De-duplication is the process of deleting duplicate rows from a database.
Duplicate rows is a problem that data analysts frequently deal with.
Before deleting duplicates you have to find them.
In this example, duplicates are identified using a CTE on the Order table.
WITH Cte(FirstName, LastName,
OrderDate, RowNumber) AS (
SELECT FirstName, LastName, OrderDate,
ROW_NUMBER() OVER (
PARTITION BY OrderDate, FirstName, LastName
ORDER BY OrderDate, FirstName, LastName) AS RowNumber
FROM [Order] O
JOIN Customer C ON C.Id = O.CustomerId
)
SELECT *
FROM Cte
WHERE RowNumber > 1
Note: These are not true duplicates, but it gets the point across. This query returns customers that placed more than one order on the same day.

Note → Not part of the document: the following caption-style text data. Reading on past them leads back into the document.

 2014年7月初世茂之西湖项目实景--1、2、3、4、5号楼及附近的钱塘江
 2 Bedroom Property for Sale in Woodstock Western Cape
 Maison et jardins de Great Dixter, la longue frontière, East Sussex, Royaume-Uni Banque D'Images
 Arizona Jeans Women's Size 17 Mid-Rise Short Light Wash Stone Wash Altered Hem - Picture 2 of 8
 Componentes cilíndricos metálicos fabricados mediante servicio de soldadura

| FirstName | LastName | OrderDate | RowNumber |
|---|---|---|---|
| Elizabeth | Lincoln | 2013-01-10 00:00:00.000 | 2 |
| Philip | Cramer | 2013-02-25 00:00:00.000 | 2 |
| Howard | Snyder | 2013-07-31 00:00:00.000 | 2 |
| Jose | Pavarotti | 2013-10-22 00:00:00.000 | 2 |
| Felipe | Izquierdo | 2014-01-19 00:00:00.000 | 2 |
| Daniel | Tonini | 2014-03-24 00:00:00.000 | 2 |
| Jose | Pavarotti | 2014-04-17 00:00:00.000 | 2 |
The ROW_NUMBER() function sequentially numbers rows that are grouped by FirstName, LastName, and OrderDate. Those with a RowNumber > 1 are duplicates of another row.

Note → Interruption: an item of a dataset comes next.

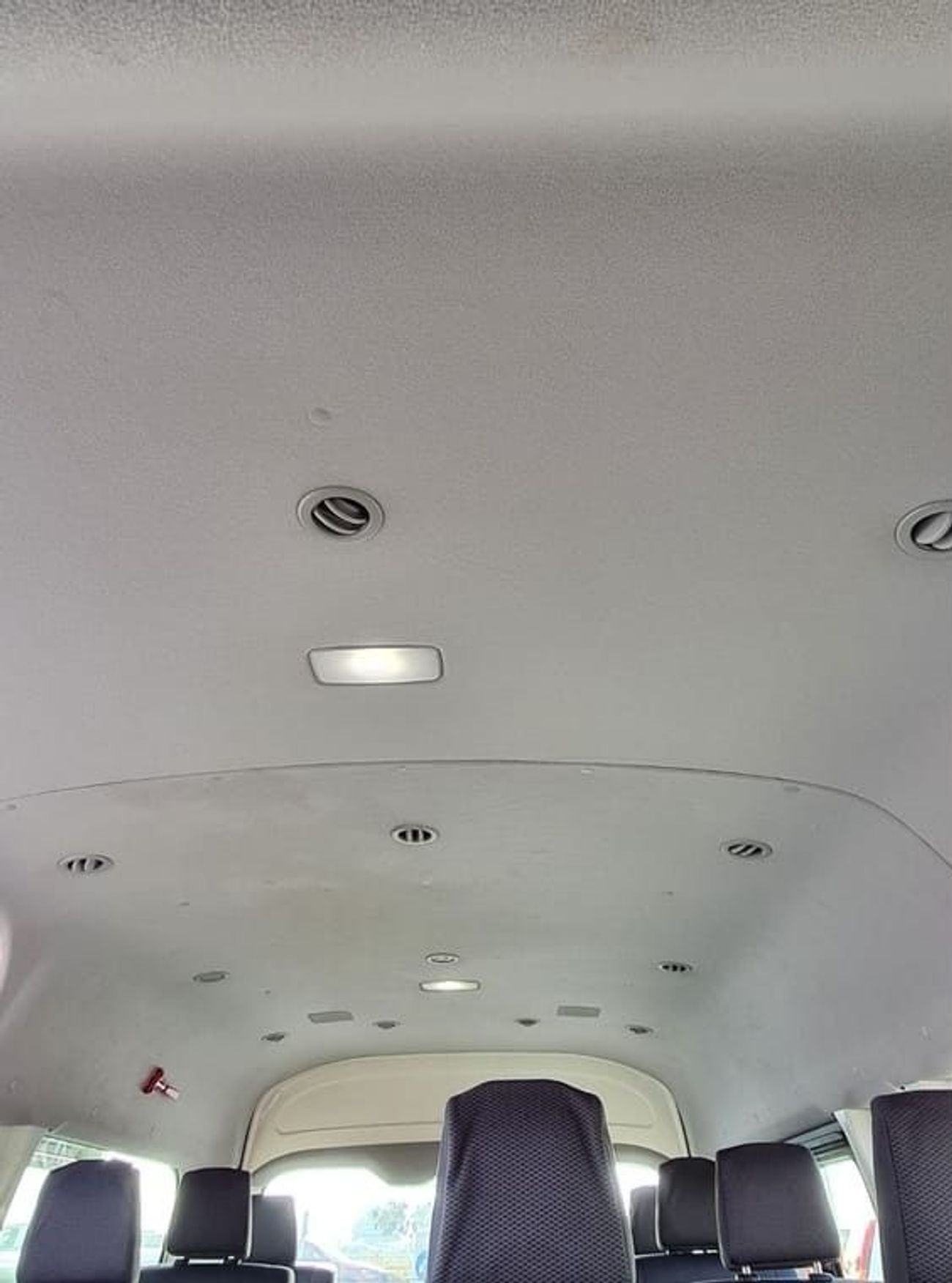 Toyota Hiace Commuter 3.5L M/T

Next, the duplicate rows need deletion.
Changing SELECT to DELETE in the above query will accomplish this.
WITH Cte(Id, CustomerId, OrderDate, RowNumber) AS (
SELECT Id, CustomerId, OrderDate,
ROW_NUMBER() OVER (
PARTITION BY CustomerId, OrderDate
ORDER BY OrderDate, CustomerId) AS RowNumber
FROM [Order] O
)
DELETE
FROM Cte
WHERE RowNumber > 1
Note: This query always deletes the second row it finds which may, or may not, be desirable. A manual inspection step of the duplicates is often required.

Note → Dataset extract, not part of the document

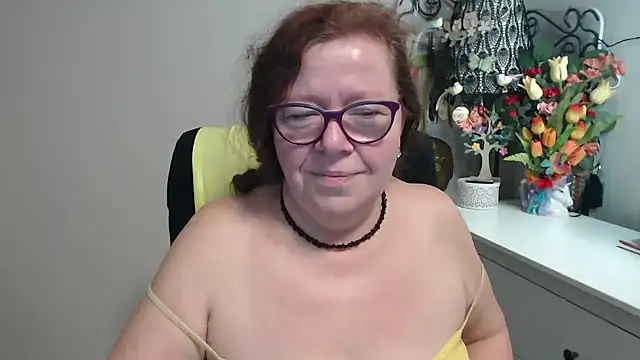 Adelewildx online show from March 2, 5:08 am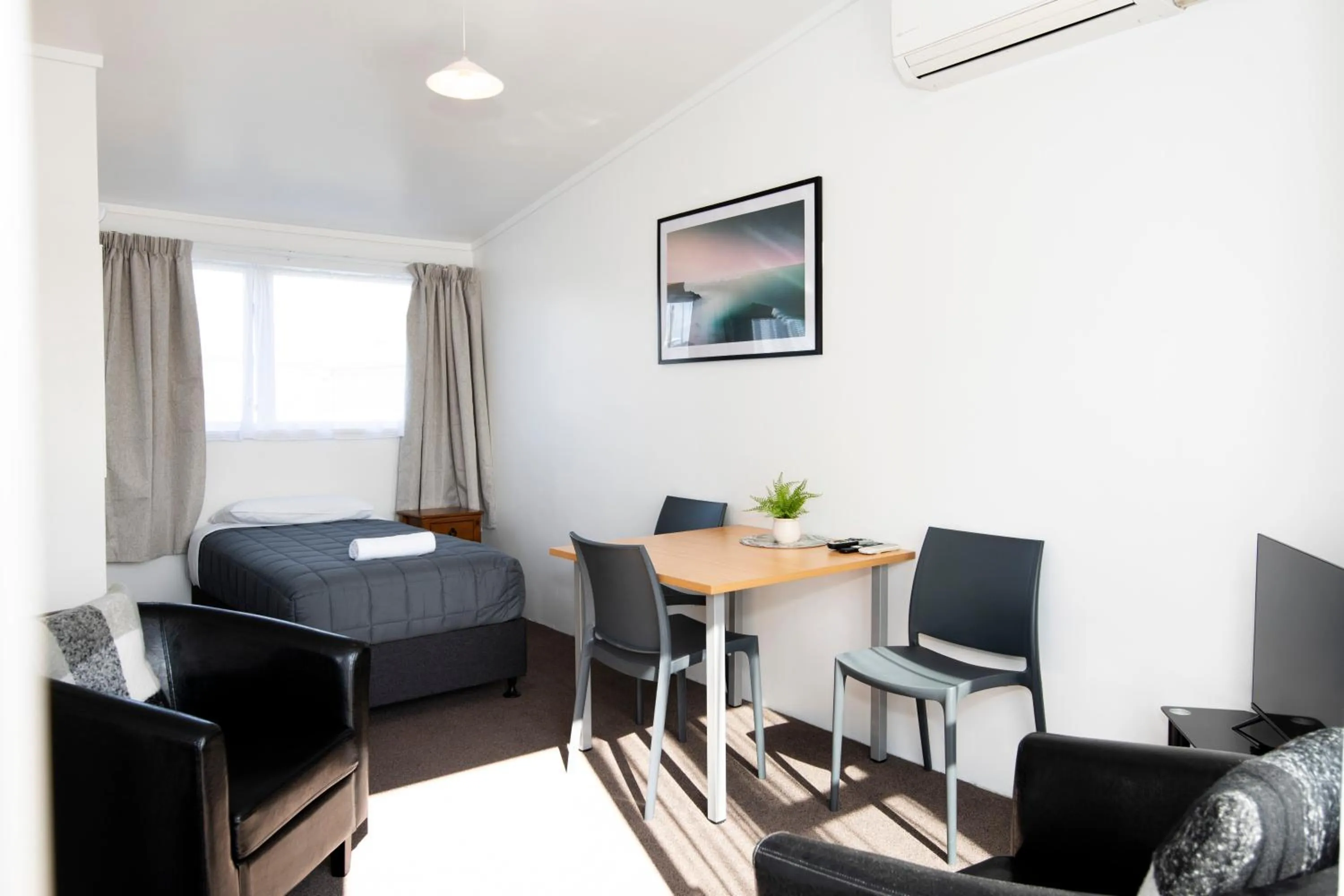 Bed in Spanish Lady Motel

SELECT A.Id AS OrderId, FirstName, LastName,
A.OrderNumber, A.OrderDate
FROM [Order] A
JOIN (
SELECT C.Id, FirstName, LastName, OrderDate,
COUNT(O.Id) AS Occurences
FROM [Order] O
JOIN Customer C ON C.Id = O.CustomerId
GROUP BY C.Id, OrderDate, FirstName, LastName
HAVING COUNT(O.Id) > 1) AS B
ON A.CustomerId = B.Id AND A.OrderDate = B.OrderDate
| OrderId | FirstName | LastName | OrderNumber | OrderDate |
|---|---|---|---|---|
| 163 | Elizabeth | Lincoln | 542540 | 2013-01-10 00:00:00.000 |
| 164 | Elizabeth | Lincoln | 542541 | 2013-01-10 00:00:00.000 |
| 209 | Philip | Cramer | 542586 | 2013-02-25 00:00:00.000 |
| 210 | Philip | Cramer | 542587 | 2013-02-25 00:00:00.000 |
| 369 | Howard | Snyder | 542746 | 2013-07-31 00:00:00.000 |
| 370 | Howard | Snyder | 542747 | 2013-07-31 00:00:00.000 |
| 466 | Jose | Pavarotti | 542843 | 2013-10-22 00:00:00.000 |
| 467 | Jose | Pavarotti | 542844 | 2013-10-22 00:00:00.000 |
| 591 | Felipe | Izquierdo | 542968 | 2014-01-19 00:00:00.000 |
| 592 | Felipe | Izquierdo | 542969 | 2014-01-19 00:00:00.000 |
| 725 | Daniel | Tonini | 543102 | 2014-03-24 00:00:00.000 |
| 726 | Daniel | Tonini | 543103 | 2014-03-24 00:00:00.000 |
| 783 | Jose | Pavarotti | 543160 | 2014-04-17 00:00:00.000 |
| 784 | Jose | Pavarotti | 543161 | 2014-04-17 00:00:00.000 |
Here we have a list with paired duplicates, one after the other.